▶ [Problem requirements]:
With the pictures removed, write out the full listing below exactly.

┌─ Dataset excerpt

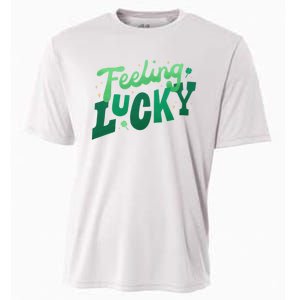 Feeling Lucky St Patrick's Day Festive Cooling Performance Crew T-Shirt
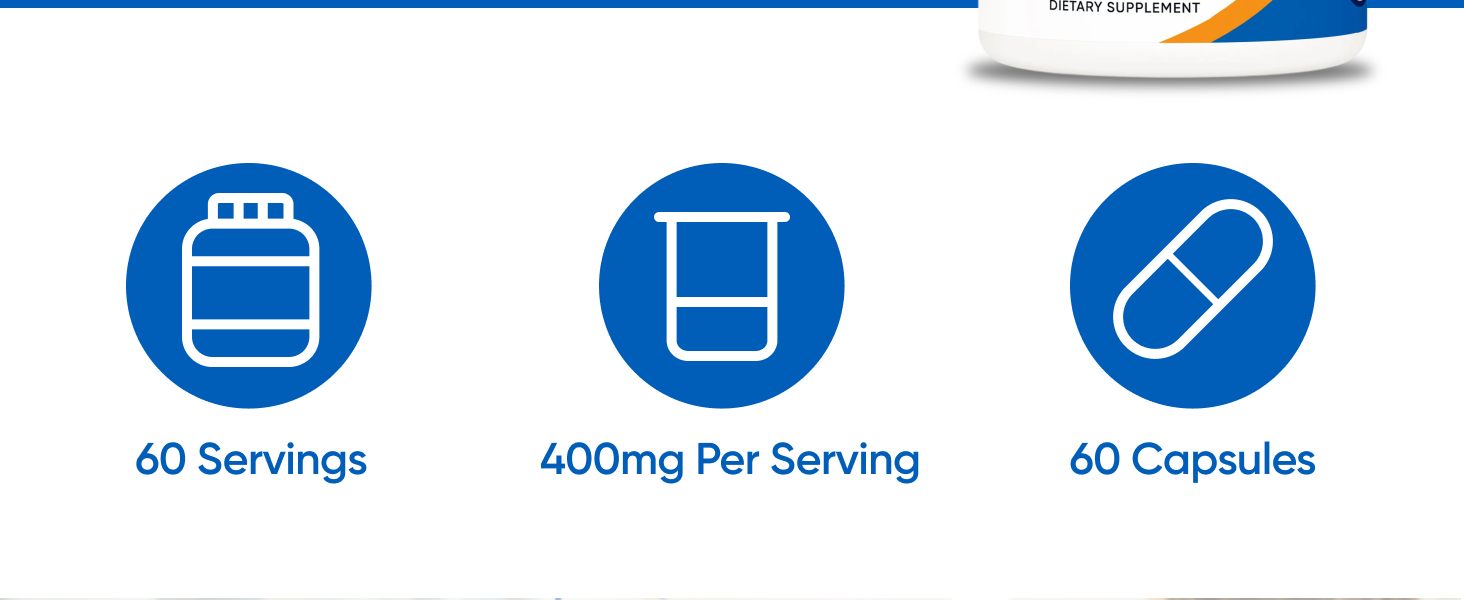 Nutricost ATP Supplement (400mg) 60 Capsules, Made with Peak ATP, Vegan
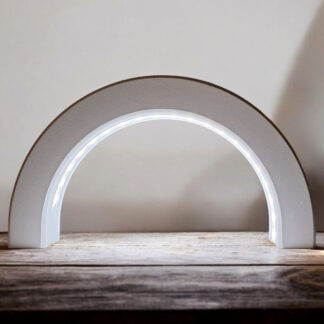 GlowLoop – Minimalistischer Designer-Lichtbogen, 3D gedruckt, 250 × 140 × 50 mm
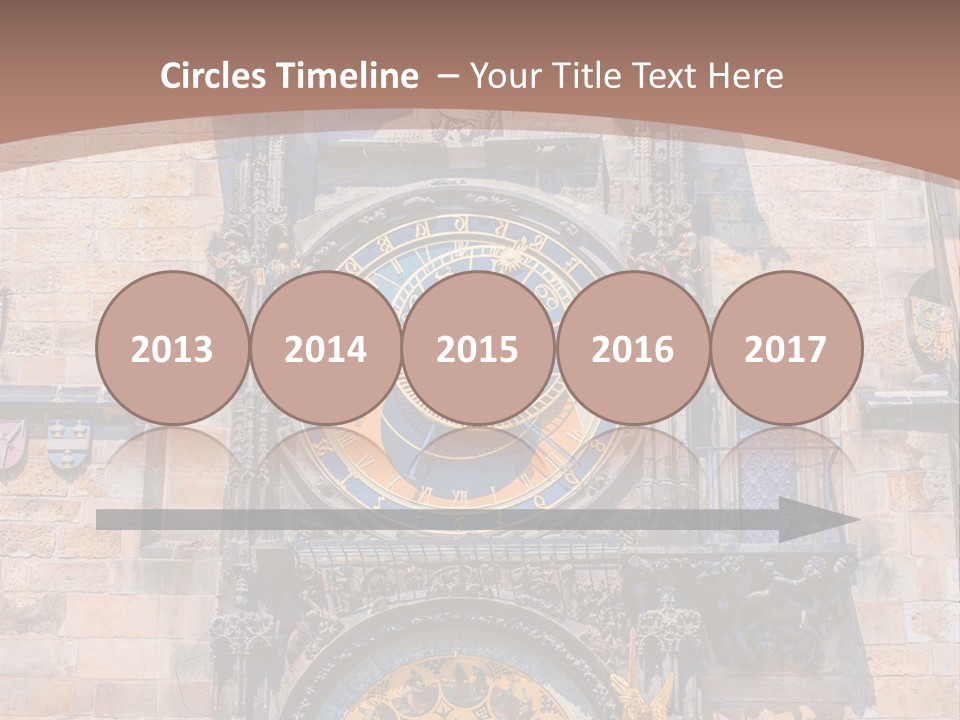 Medieval Sun Bridge PowerPoint Template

└─

▶ [Answer box]:
 Feeling Lucky St Patrick's Day Festive Cooling Performance Crew T-Shirt
 Nutricost ATP Supplement (400mg) 60 Capsules, Made with Peak ATP, Vegan
 GlowLoop – Minimalistischer Designer-Lichtbogen, 3D gedruckt, 250 × 140 × 50 mm
 Medieval Sun Bridge PowerPoint Template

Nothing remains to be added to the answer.